Virology: Ability of Omicron to replicate and cause disease in mice investigated

Insights into the reduced ability of the Omicron variant of SARS-CoV-2 to replicate and cause disease in cells and a mouse model, compared to other variants of concern, are presented in a paper published in Nature.

Kwok-Yung Yuen and colleagues investigated the replication efficacy and pathogenicity of Omicron in a series of cell and mouse models. In laboratory experiments in human lung and intestinal epithelial cells, the authors found that replication of the live Omicron virus was reduced compared to the original strain of SARS-CoV-2 (wild type) and the Alpha, Beta and Delta variants. In human lung epithelial cells, Omicron was more than three times less efficient at replicating compared to wild-type virus. By contrast, Alpha, Beta and Delta replicated at similar or higher levels than the wild type.

Further investigations revealed that Omicron inefficiently uses the cell membrane protein transmembrane serine protease 2 (TMPRSS2), which mediates viral entry in certain cells. The authors suggest that mutations in the spike protein of Omicron may reduce its capacity to use the TMPRSS2 pathway, impairing its entry and replication in the human epithelial cell lines.

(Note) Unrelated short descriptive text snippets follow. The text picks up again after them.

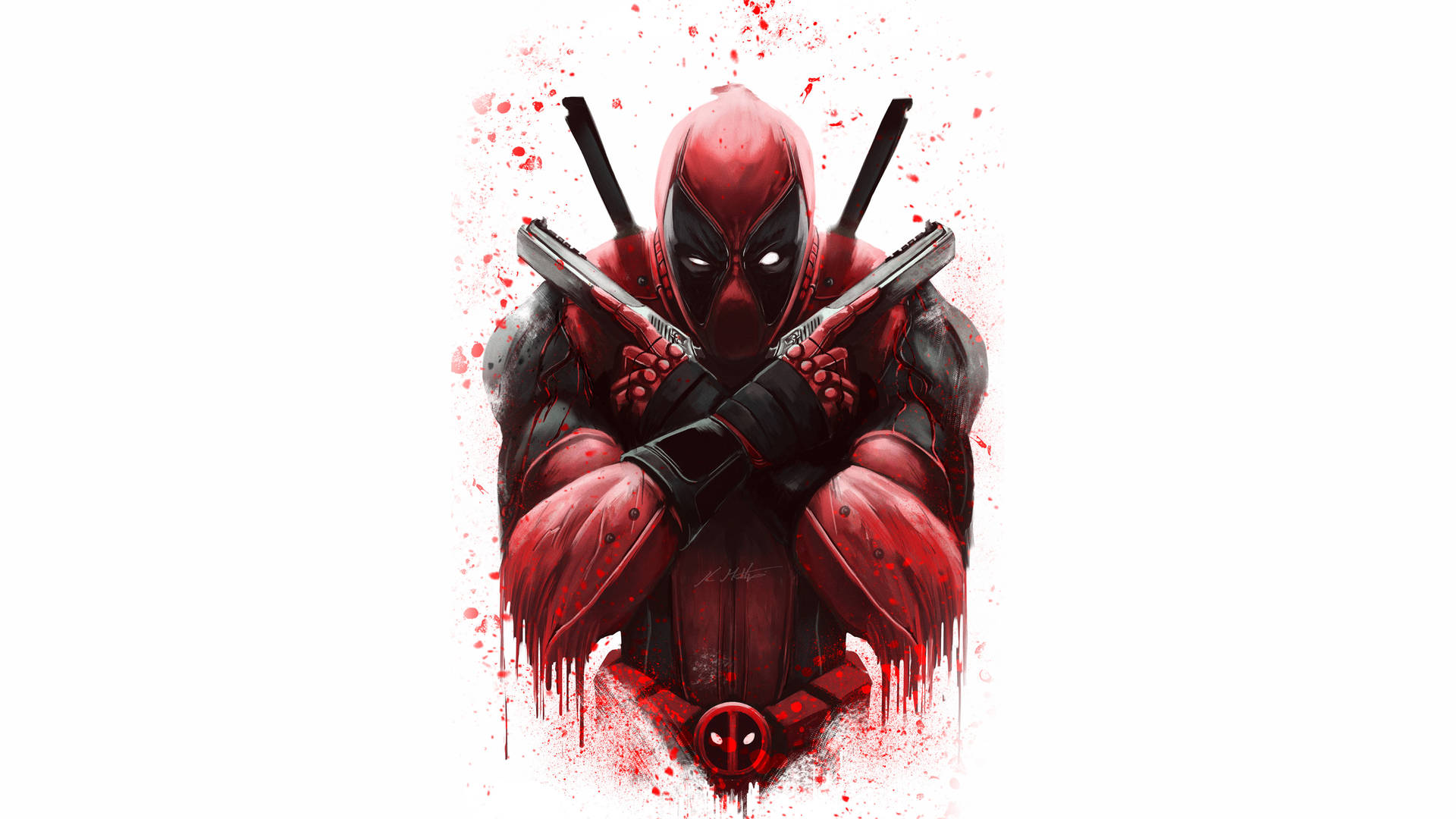 Bloody Deadpool Wallpapers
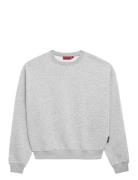 Prohibited Over D Crew Neck Grå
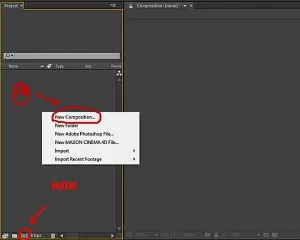 parametrii de compoziție (setările de compoziție) - după efecte pentru - Dummies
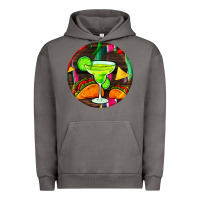 Pigment Tornado hispanic heritage month round earrings 2 Urban Hoodie - BundleAndBundleShop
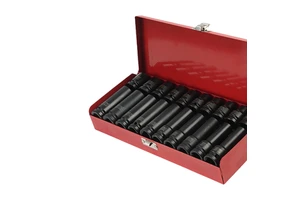 20 Pcs 1/2 Inch Extended Sleeve Sets Thickened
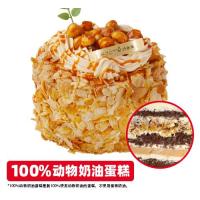 海盐焦糖榛子蛋糕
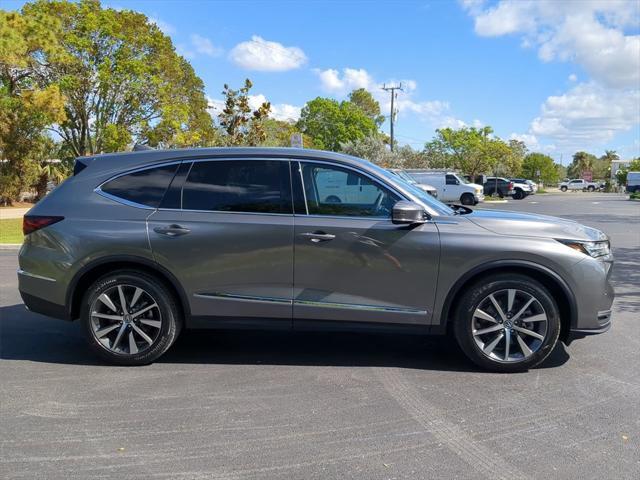 new 2025 Acura MDX car, priced at $58,550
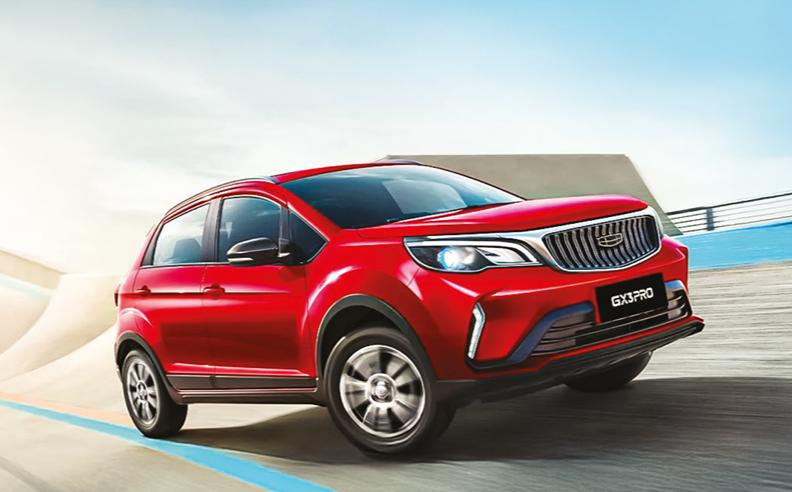 AGMC launches the Geely GX3 Pro the stylish urban CUV making waves in the region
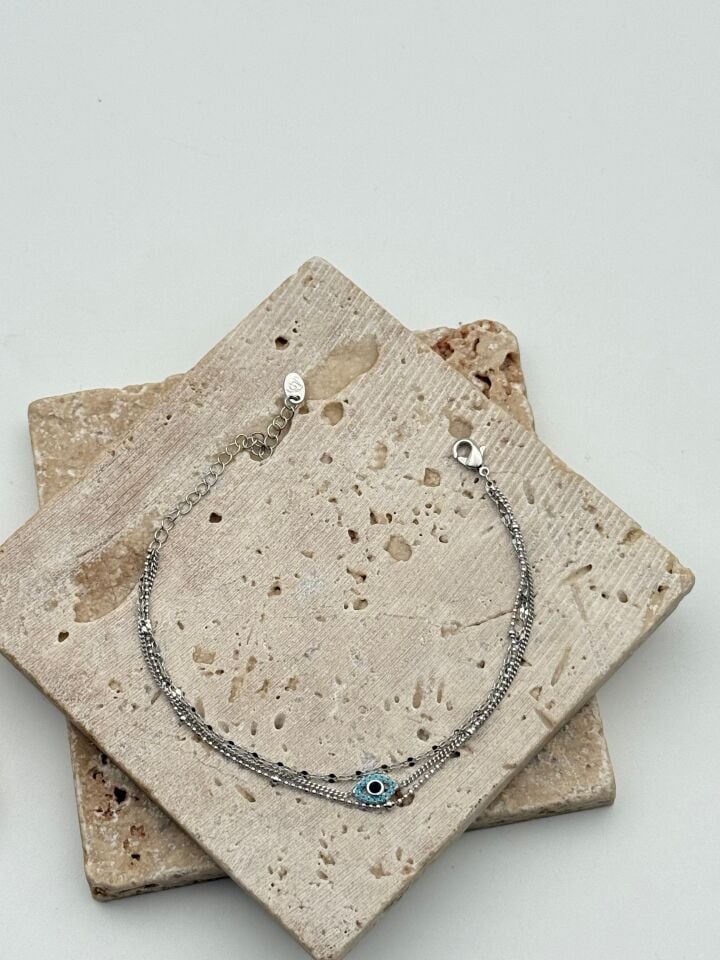 VIP Silver Renk Bileklik // BILEK-6648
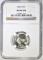 1943-D SILVER JEFFERSON NICKEL NGC MS-66 FS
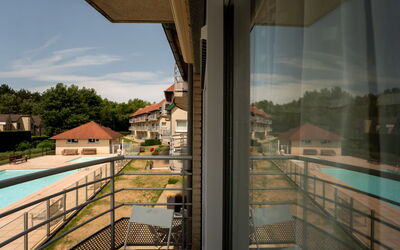 Accommodation:&nbsp;Green Garden Vx 105 with Pool View 280.8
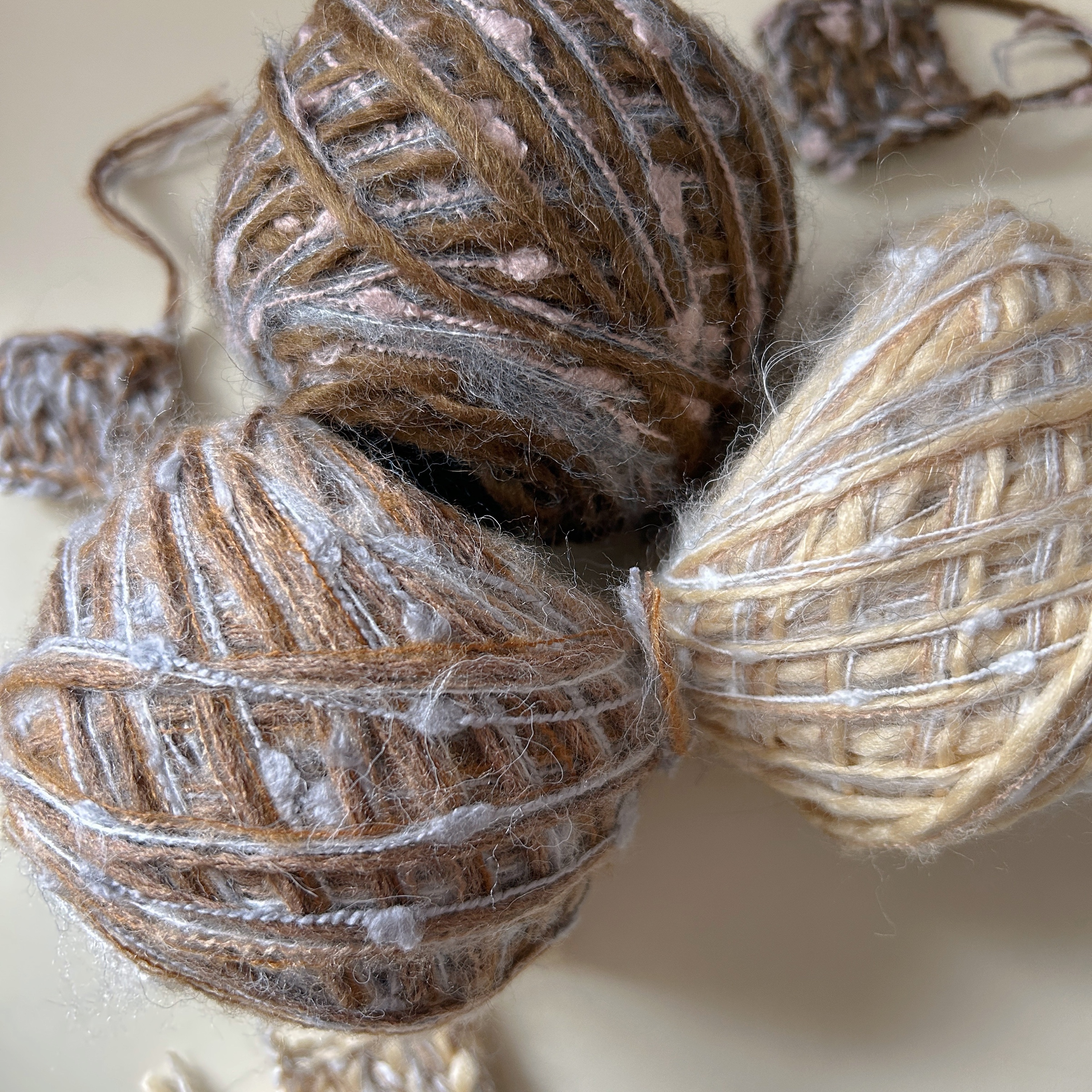 奶油栗子巧克力 適用5.5-6.6mm鉤針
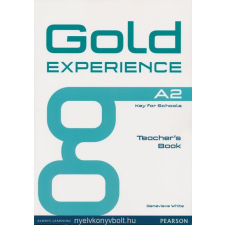  GOLD EXPERIENCE A2 TG nyelvkönyv, szótár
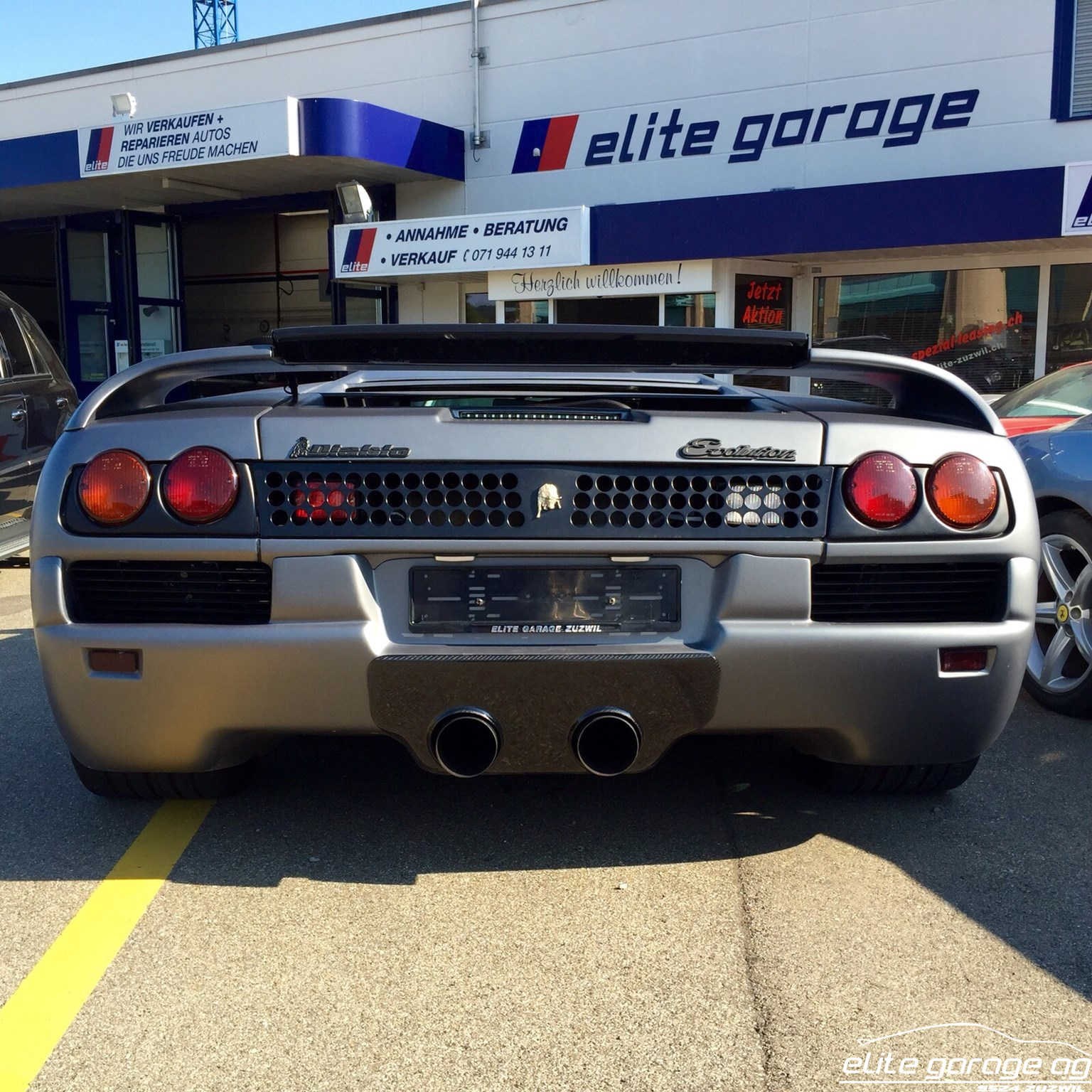 LAMBORGHINI Diablo 5.7 EVOLUTION 610 PS-image-5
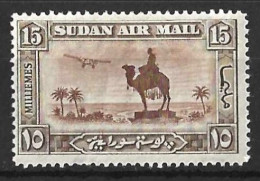 SUDAN....KING GEORGE V...(1910-36..)...." 1931..".....15m......SG52........MH... - Sudan (...-1951)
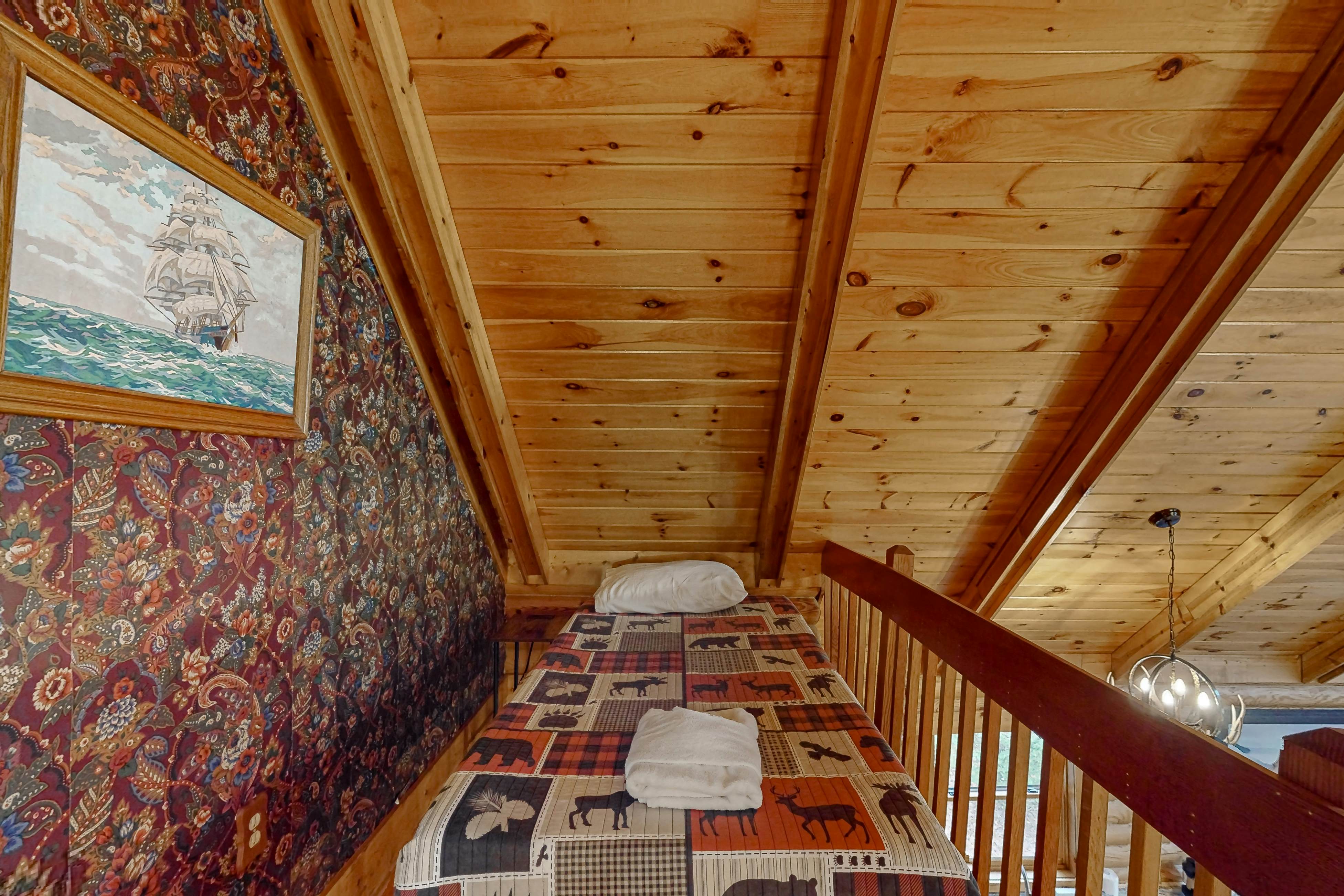 Canoe You Believe It - Liberty Lodge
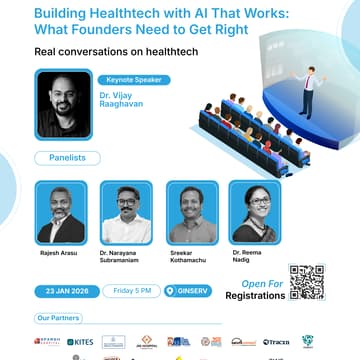 Cover Image for Building Healthtech with AI That Works: What Founders Need to Get Right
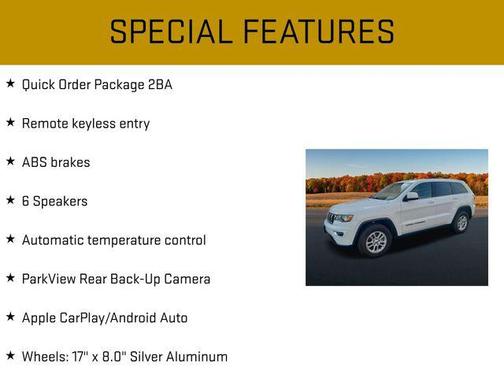 2020 Jeep Grand Cherokee Laredo
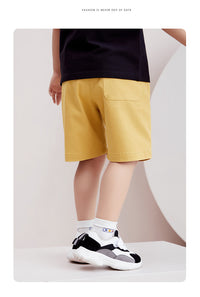 Load image into Gallery viewer, Baby Kid Big Kid Boys Solid Color Shorts Wholesale 220317197
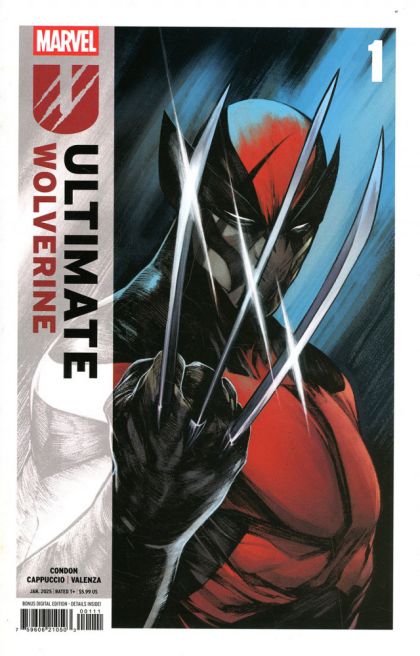 ULTIMATE WOLVERINE #1 (OF 12) | MARVEL PRH | JANUARY 2025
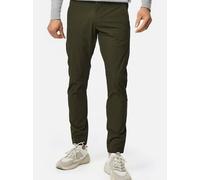 Indicode Herren INPasmia Chinohose Stretchhose | Chino Stretch Stoffhose Herrenhose Army, XL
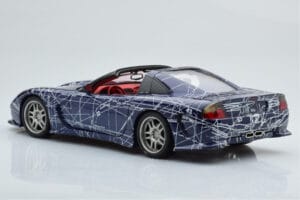Chevrolet Callaway C12 Corvette MUKO Artcar AUTOart 1:18 71014 Metaal — afbeelding 8 van 9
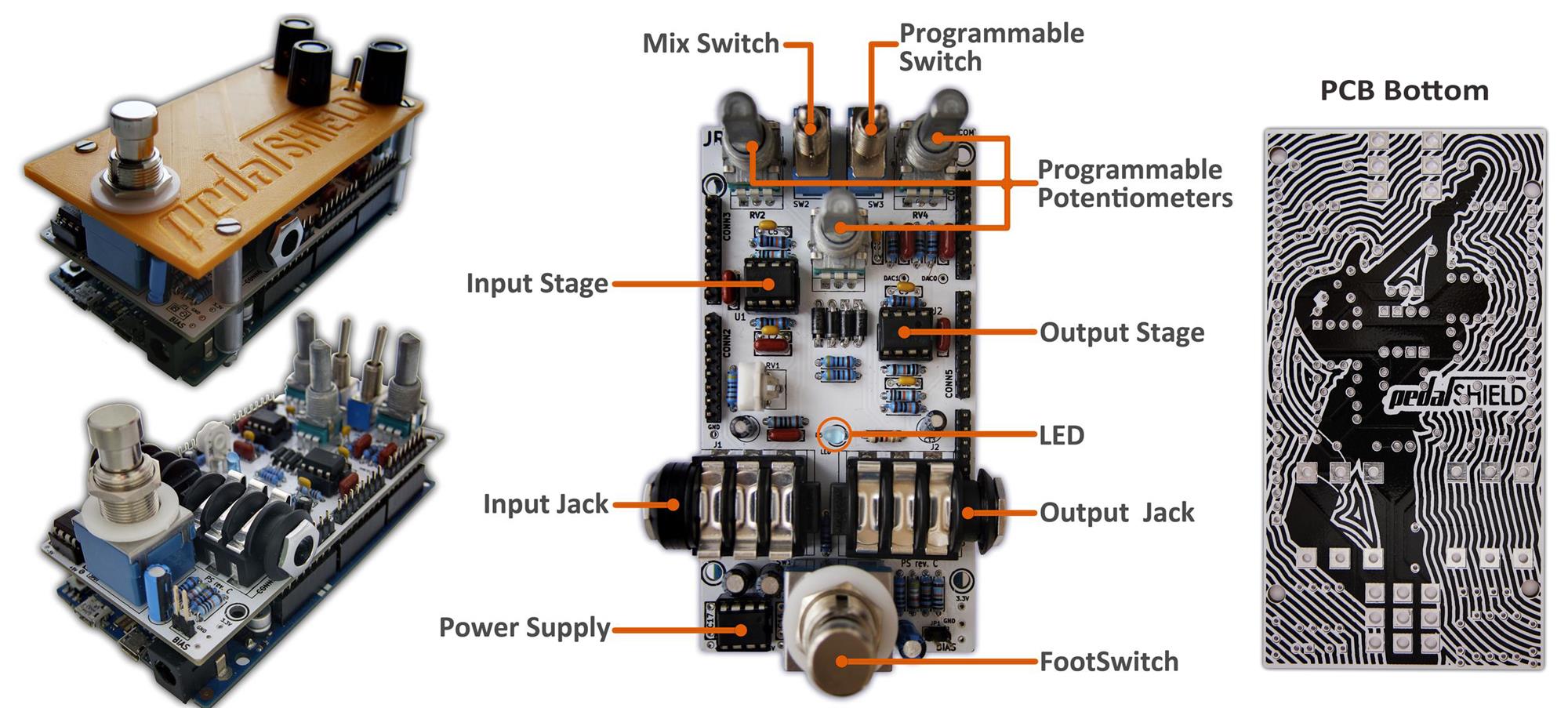 programmable guitar pedal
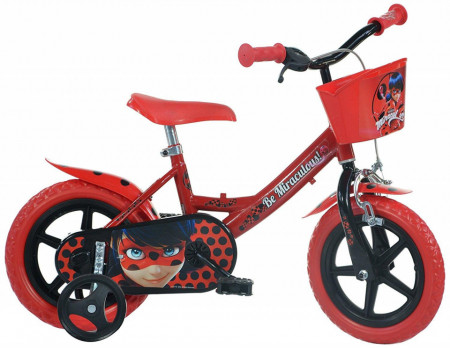 DINO BIKES Bicicleta copii 12'' MIRACULOS-BUBURUZA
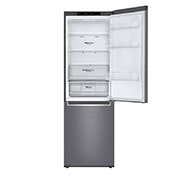 LG DoorCooling™ GBB61DSJZN Fridge Freezer, 341L , Dark Graphite, GBB61DSJZN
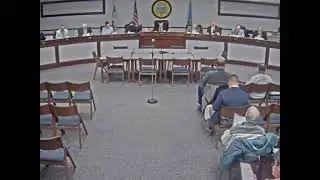 January 22nd, 2026 Seaside Park Regular Session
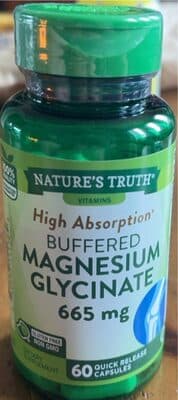 High Absorption Buffered Magnesium Glycinate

In a mouse model, replication of Omicron was reduced in both the upper and lower respiratory tract compared to the wild type and Delta. An analysis of the lung tissue revealed that infection with Omicron resulted in reduced levels of inflammation and damage in the lungs compared to the wild type and Delta. This was also associated with lower body weight loss and improved animal survival compared to other variants of concern.